§ **AIM OF THE TASK**
For the listing below, output exactly the lines from the line with "Varias personas corriendo un maratón" up to and including the line with "Photo 11 from", and no other lines.

§ **DATA FOR THIS EXERCISE**

----

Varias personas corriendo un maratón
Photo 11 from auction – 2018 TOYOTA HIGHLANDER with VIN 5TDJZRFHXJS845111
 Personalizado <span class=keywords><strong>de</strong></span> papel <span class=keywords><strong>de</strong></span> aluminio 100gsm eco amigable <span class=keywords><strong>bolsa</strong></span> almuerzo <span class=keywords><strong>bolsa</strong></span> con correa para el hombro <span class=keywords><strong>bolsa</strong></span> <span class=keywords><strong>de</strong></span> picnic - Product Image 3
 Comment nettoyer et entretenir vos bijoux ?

----

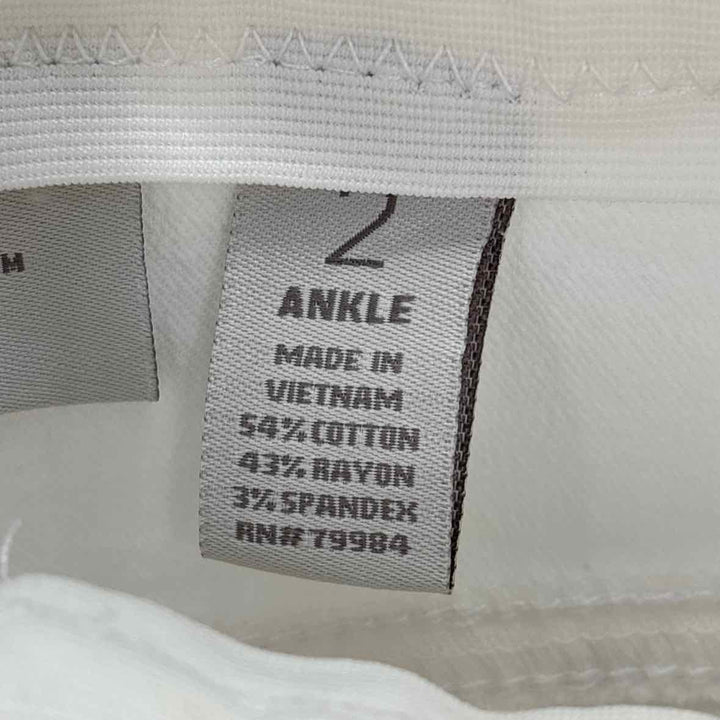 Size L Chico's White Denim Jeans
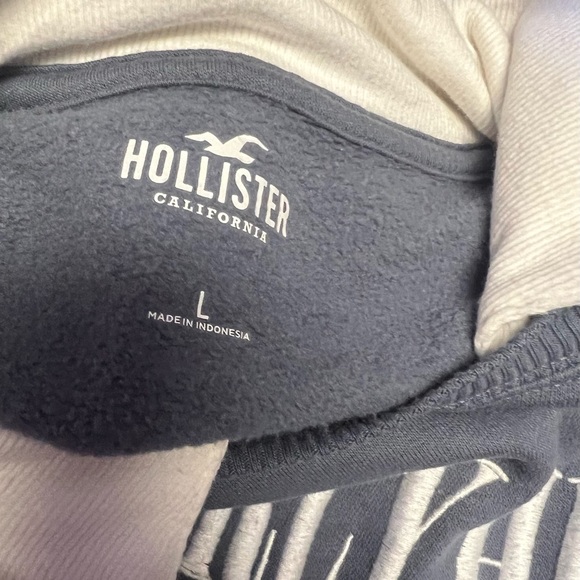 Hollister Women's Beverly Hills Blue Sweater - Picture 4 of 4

----

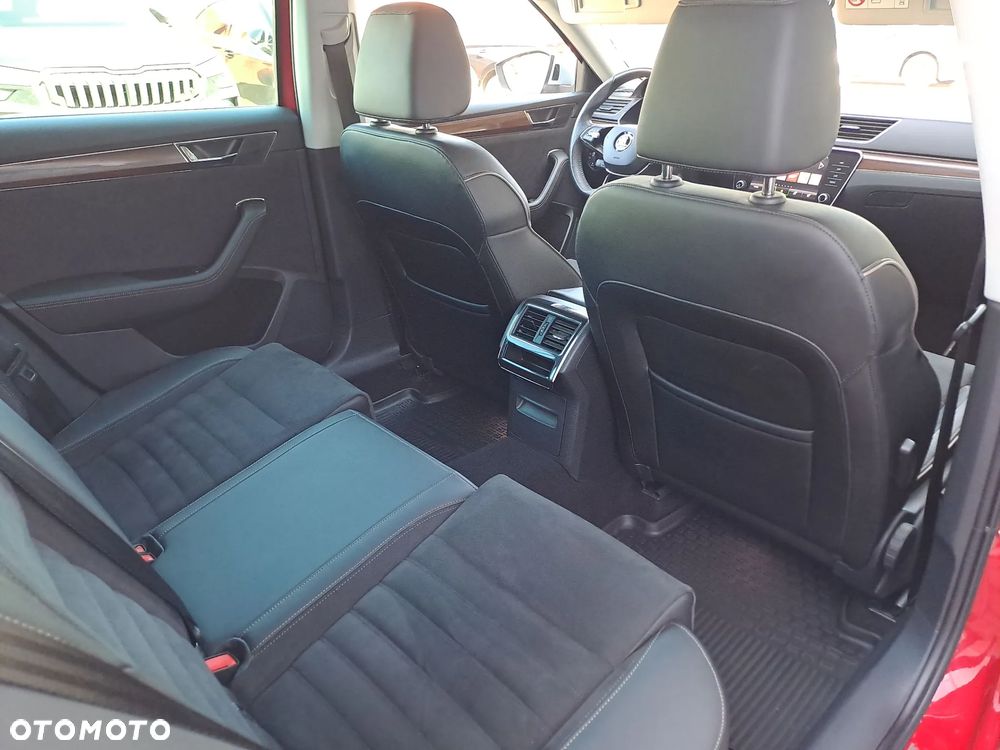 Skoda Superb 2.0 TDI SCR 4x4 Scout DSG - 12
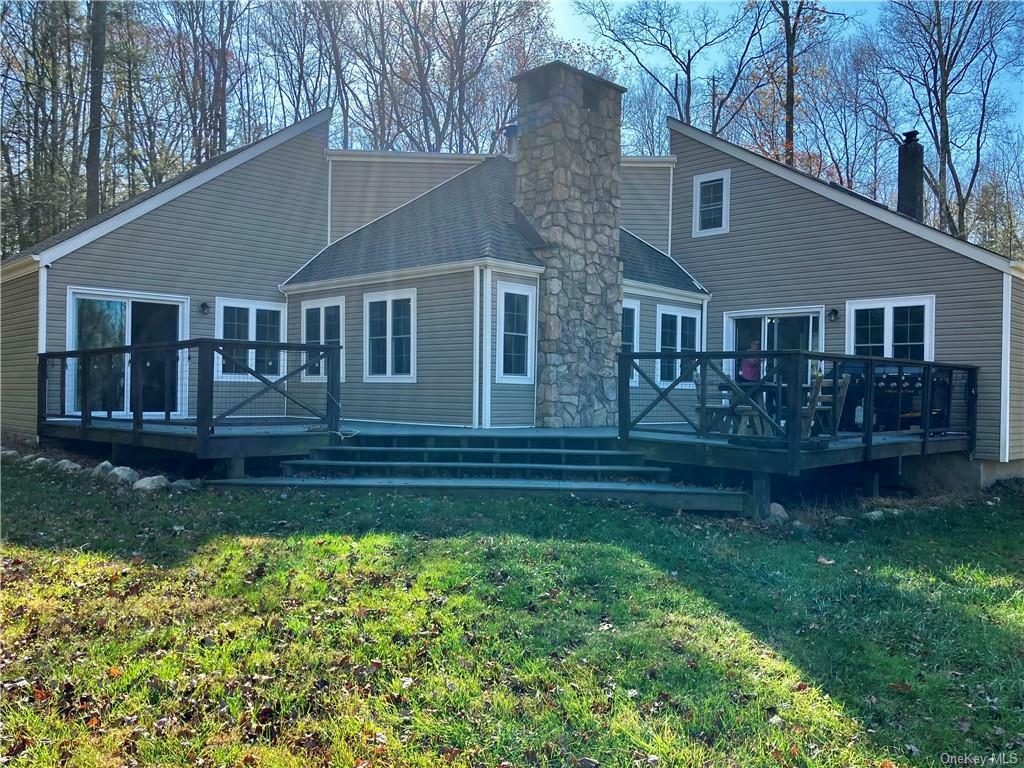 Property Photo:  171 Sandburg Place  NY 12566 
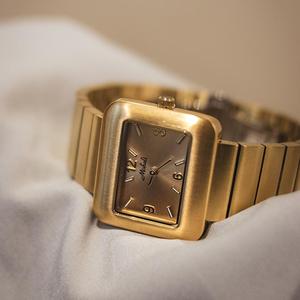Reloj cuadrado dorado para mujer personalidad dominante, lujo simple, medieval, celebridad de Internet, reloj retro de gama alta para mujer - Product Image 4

----

§ **RESULT**
Varias personas corriendo un maratón
Photo 11 from auction – 2018 TOYOTA HIGHLANDER with VIN 5TDJZRFHXJS845111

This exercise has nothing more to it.